Office Location: 281 Physics
Office Phone: 919-660-2563
Email Address: kotwal@phy.duke.edu
Web Page: http://www.phy.duke.edu/~kotwal
Specialties:
Experimental high energy physics
Research Categories: Experimental High Energy Physics
Research Description:
Prof. Ashutosh Kotwal's research focusses on the physics of fundamental particles and forces at high energies. One of the outstanding mysteries is the mechanism by which particles acquire mass. The theory of gauge symmetry has been very successful in describing the known fundamental forces; however this theory is obviously incomplete because it requires all particles to be massless.
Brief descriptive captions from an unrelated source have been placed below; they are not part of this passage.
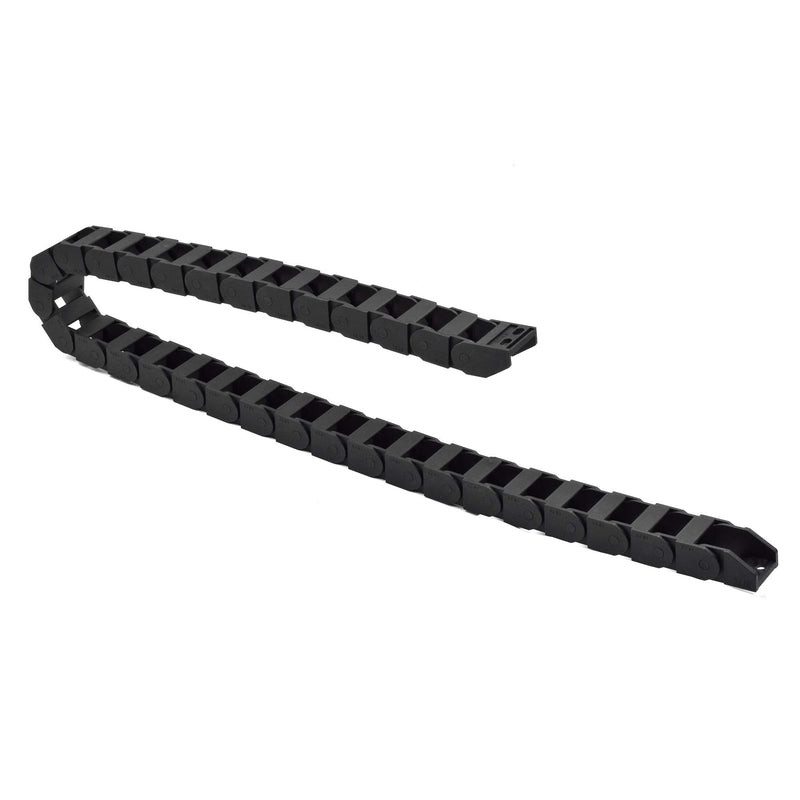 Plastic Drag Chain Cable Carrier Semi Closed with End Connectors R38 18 x 25mm L1000mm for Electrical CNC Router Machines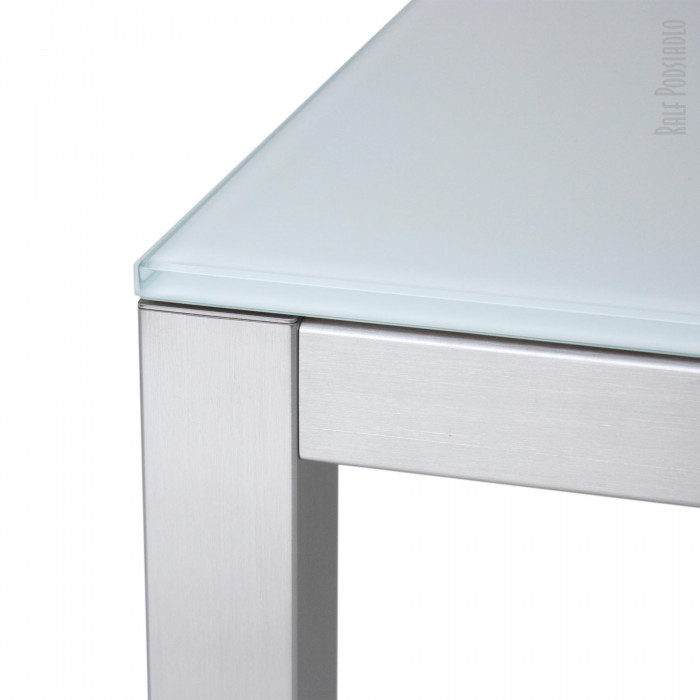 Tisch FRAME-50 - Glasplatte-Oberfläche glatt, unten lackiert (weiß), Edelstahl geschliffen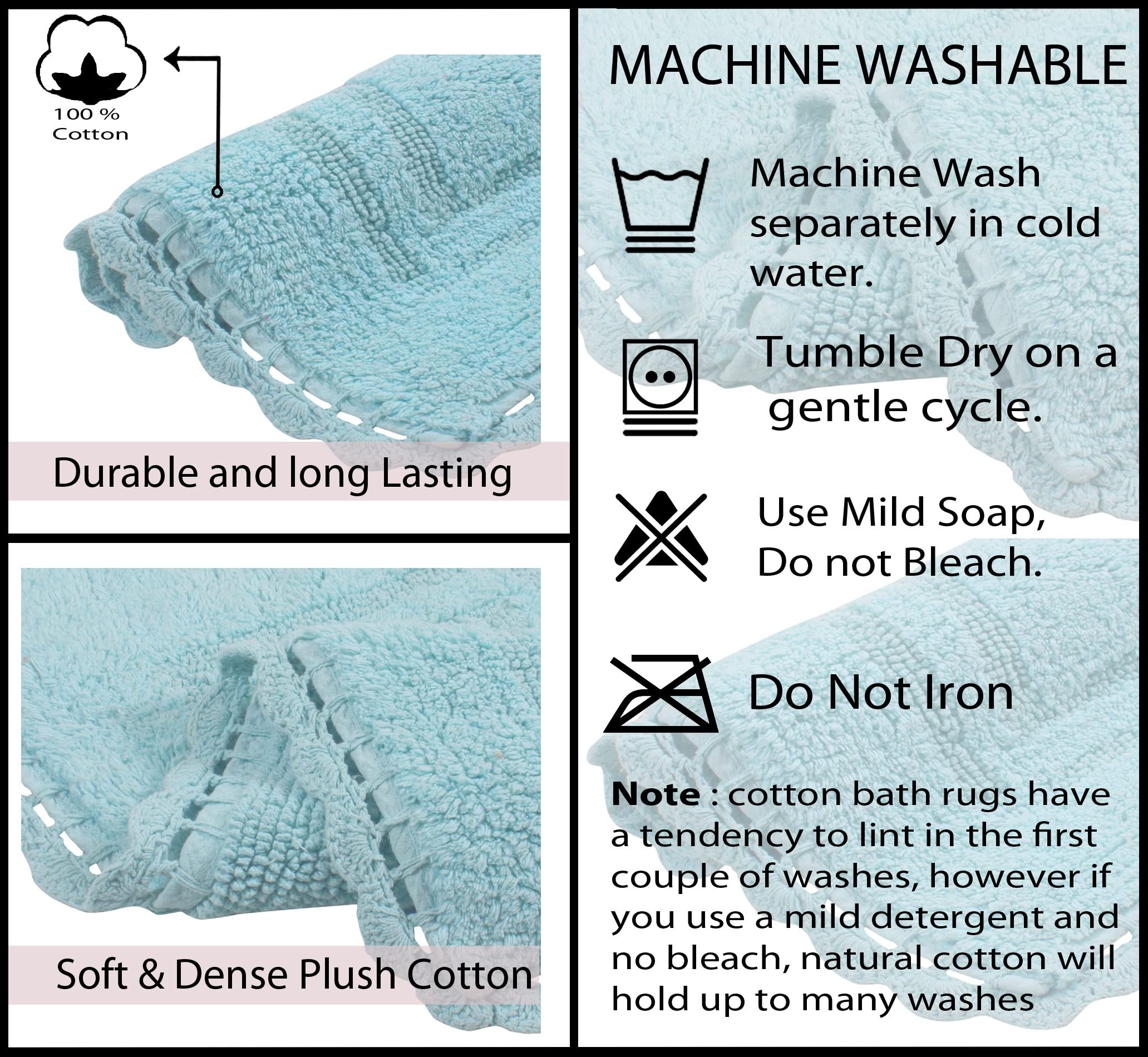 Home Weavers Reversible 100% Cotton Bath Mat Set - Ultra Soft Absorbent Non-Slip Bathroom Rug & Kitchen Mat (21
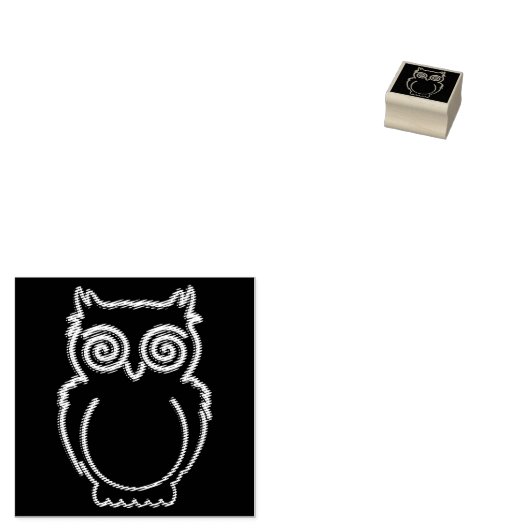 Owl Psychedelic Neon Light Button Rubberstempel (Gestempeld)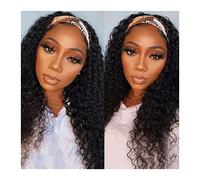 Wave Lace Front Wigs Headband Wig Remy 150% Density Brazilian Hair Curly Human Hair Wigs for Women 8-28 Inch Lace Human Hair Wig with Flexible Headband Natural Synthetic Hair Wigs(12inches)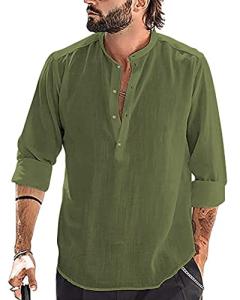 Men's Army Green Cotton Linen Beach Shirt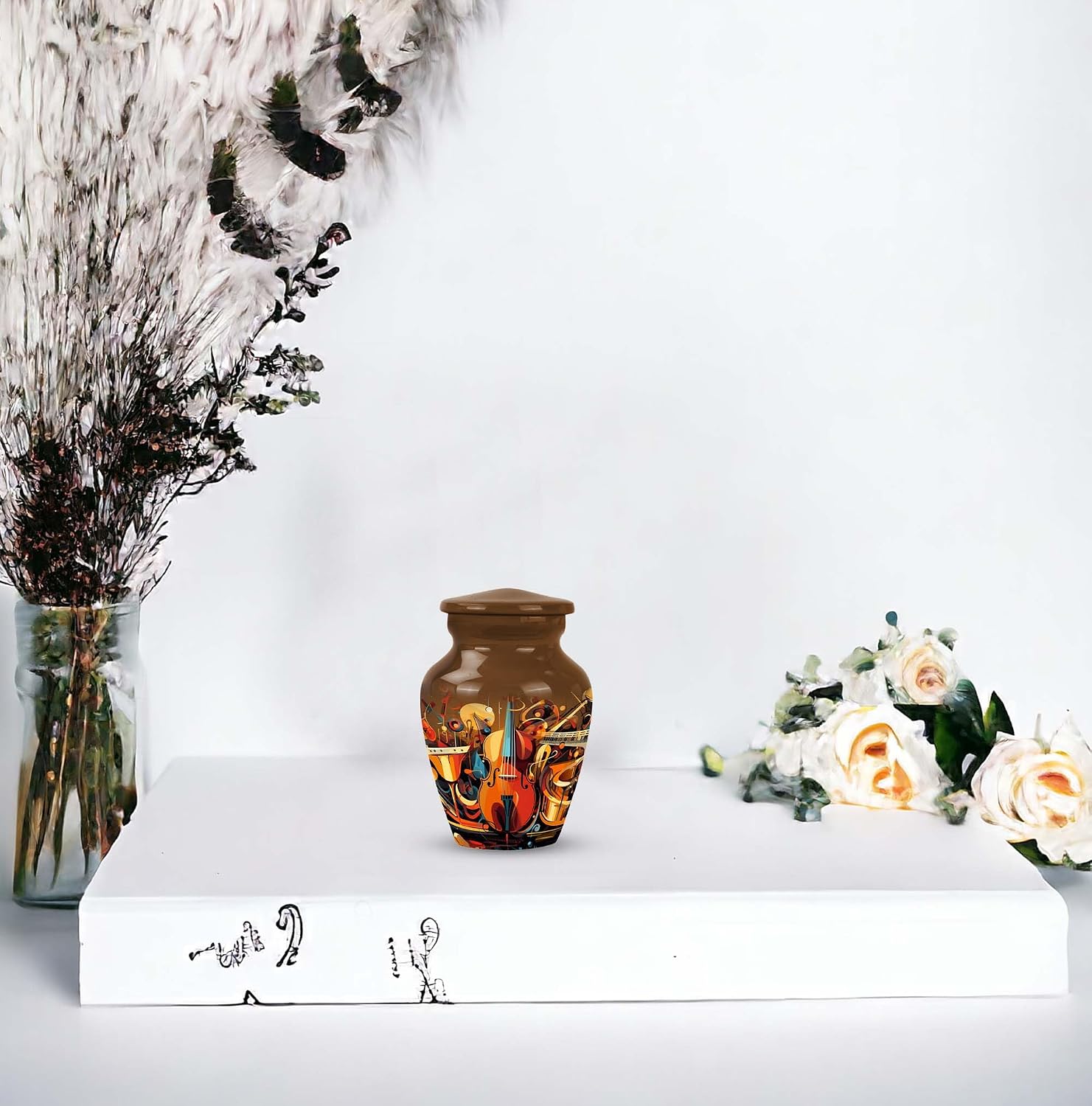 Orchestral Fantasy Burial Urn for Ashes Adult Male/Female, Urn for Pet Ashes Small, Urns for Human Ashes for Adults, Decorative Urns Container 3" 4Pcs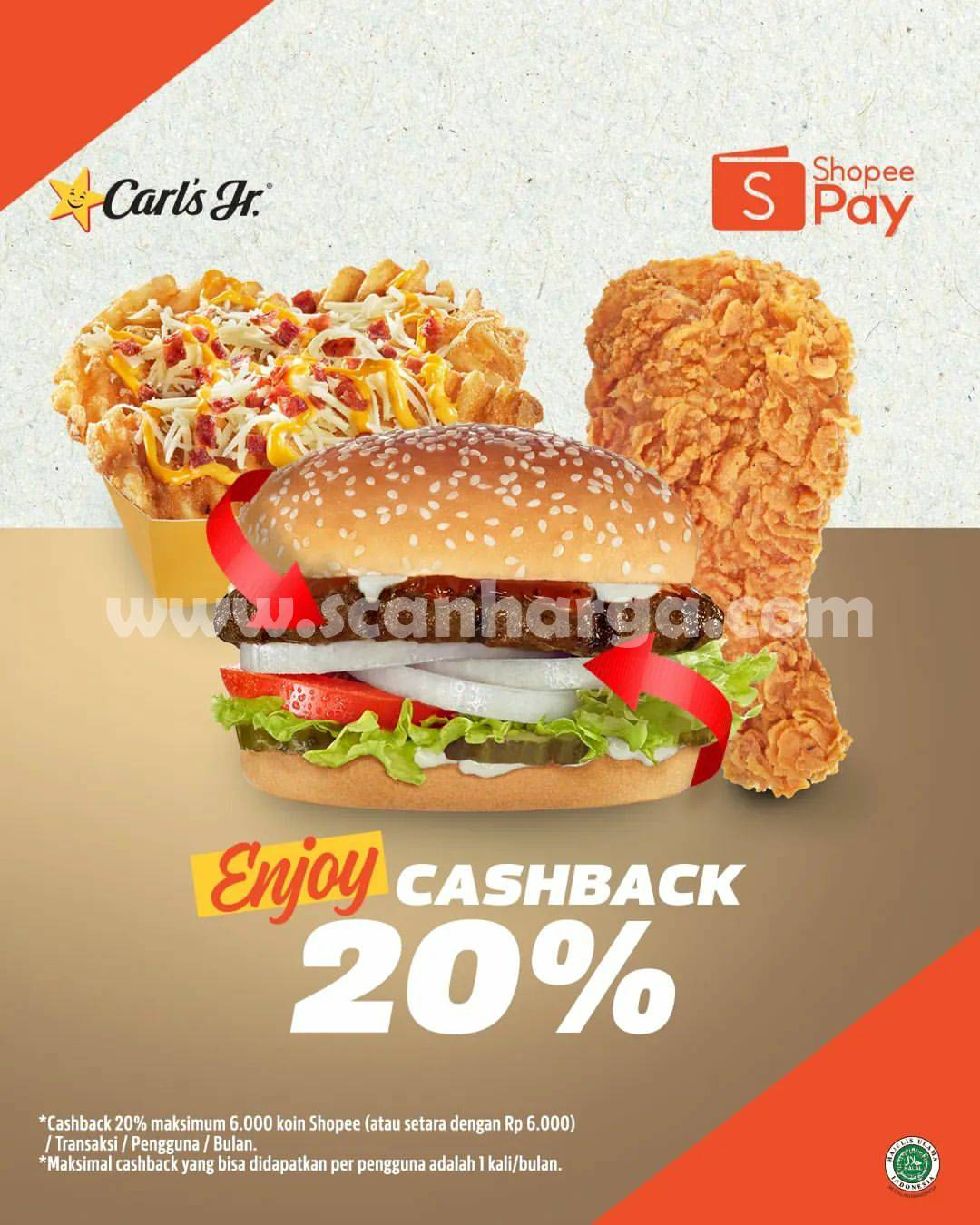 Promo CARLS Jr Shopeepay – Cashback 20% atau 6.000 koin Shopee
Clearly we are missing a big piece of the puzzle. Prof. Kotwal is pursuing this question experimentally using two approaches - precision measurements of fundamental parameters, and direct searches for new particles and forces.
Prof. Kotwal leads the effort to measure very precisely the mass of the W boson, which is sensitive to the quantum mechanical effects of new particles or forces. Using the data from the CDF experiment, he has developed new experimental techniques for performing precise calibrations. He has published measurements of the W boson mass with increasing precision, most recently achieving a precision of 0.06%. He now leads the effort to improve on this precision by a factor of two, which will provide a stringent test of the standard model of particle physics. Prof. Kotwal and his post-doc Bodhitha Jayatilaka and collaborators have also recently published the most precise measurements of the top quark mass in the dilepton channel.
Prof. Kotwal also works with his students, post-doc and collaborators on searches of rare, exotic signatures of new interactions. He has published searches for charged and neutral gauge bosons mediating new weak forces, the Higgs boson in the standard model and in theories that extend the standard model, and excited states of standard model fermions. These particles are predicted in theories where the weak interaction has both left-handed and right-handed couplings (as is indicated by recent data on neutrino oscillations), in supersymmetric theories which impose a fermion-boson duality, and in grand unified theories. He is now pursuing improved techniques to search for the standard model Higgs boson.
Prof. Kotwal's research program spans both the CDF experiment at Fermilab and the ATLAS experiment at the LHC. Prof. Kotwal is performing detailed studies of the silicon and transition radiation trackers of the ATLAS detector. His students on ATLAS are working on searches for new particles and microscopic black holes decaying to top quarks as well as direct searches for Higgs bosons. He wrote the first ATLAS paper on searches for heavy resonances decaying to leptons and continues to lead this effort.
In addition to his experimental research, Prof. Kotwal has done theoretical work in the phenomenology of black holes in extra spatial dimensions. Extra spatial dimensions have been motivated by string theory and to explain why the gravitational force is so much weaker than the electromagnetic force at large distances. In this scenario it is possible for the gravitational force to be strong in the high energy regime of particle colliders, leading to the production of black holes. Prof. Kotwal has published a theoretical analysis of the production and decay of rotating black holes and their experimental signatures. Prof. Kotwal has also co-authored a paper on black hole relics.
Dr. Kotwal is the recipient of the Outstanding Junior Investigator Award and the Alfred P. Sloan Foundation Fellowship. He is a Fellow of the American Physical Society. He has served as project leader for analysis, software and computing on the CDF experiment, and now heads the experimental particle physics research group at Duke.